- WHAT THE TASK REQUIRES
Please copy out each line of the listing that contains the word "team".

### DATA RECORDS

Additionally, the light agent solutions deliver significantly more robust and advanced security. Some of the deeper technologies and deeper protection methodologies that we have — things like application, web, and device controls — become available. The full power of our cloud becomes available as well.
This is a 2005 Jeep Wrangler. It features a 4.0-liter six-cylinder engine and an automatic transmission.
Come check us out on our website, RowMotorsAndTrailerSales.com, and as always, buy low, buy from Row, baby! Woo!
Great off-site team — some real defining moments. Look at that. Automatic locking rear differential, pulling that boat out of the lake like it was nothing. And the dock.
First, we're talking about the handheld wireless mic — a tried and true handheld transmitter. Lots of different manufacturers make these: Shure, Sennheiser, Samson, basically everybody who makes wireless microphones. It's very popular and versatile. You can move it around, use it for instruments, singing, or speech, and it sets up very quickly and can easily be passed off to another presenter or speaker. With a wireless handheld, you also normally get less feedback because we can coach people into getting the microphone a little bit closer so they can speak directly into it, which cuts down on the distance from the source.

######
### DATA RECORDS

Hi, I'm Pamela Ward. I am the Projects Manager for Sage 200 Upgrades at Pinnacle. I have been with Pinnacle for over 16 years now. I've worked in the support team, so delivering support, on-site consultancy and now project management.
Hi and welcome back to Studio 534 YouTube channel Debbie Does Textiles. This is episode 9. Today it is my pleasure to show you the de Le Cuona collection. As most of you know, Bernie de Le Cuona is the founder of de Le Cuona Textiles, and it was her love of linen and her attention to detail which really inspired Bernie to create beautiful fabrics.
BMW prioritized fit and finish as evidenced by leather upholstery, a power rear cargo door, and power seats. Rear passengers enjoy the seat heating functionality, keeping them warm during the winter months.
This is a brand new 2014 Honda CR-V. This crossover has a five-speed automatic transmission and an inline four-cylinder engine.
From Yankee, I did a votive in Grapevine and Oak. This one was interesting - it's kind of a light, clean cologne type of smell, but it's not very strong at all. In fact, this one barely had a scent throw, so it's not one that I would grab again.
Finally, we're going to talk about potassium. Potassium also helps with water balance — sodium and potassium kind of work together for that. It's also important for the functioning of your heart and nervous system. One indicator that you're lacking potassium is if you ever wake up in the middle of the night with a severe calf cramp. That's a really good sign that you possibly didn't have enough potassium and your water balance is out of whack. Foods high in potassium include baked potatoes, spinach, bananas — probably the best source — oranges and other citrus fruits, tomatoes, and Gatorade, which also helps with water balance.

######
### DATA RECORDS

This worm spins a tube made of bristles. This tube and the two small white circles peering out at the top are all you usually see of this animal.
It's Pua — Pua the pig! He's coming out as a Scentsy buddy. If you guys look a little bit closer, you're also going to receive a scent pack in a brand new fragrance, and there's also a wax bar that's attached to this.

######

- EXERCISE SOLUTION
Great off-site team — some real defining moments. Look at that. Automatic locking rear differential, pulling that boat out of the lake like it was nothing. And the dock.
Hi, I'm Pamela Ward. I am the Projects Manager for Sage 200 Upgrades at Pinnacle. I have been with Pinnacle for over 16 years now. I've worked in the support team, so delivering support, on-site consultancy and now project management.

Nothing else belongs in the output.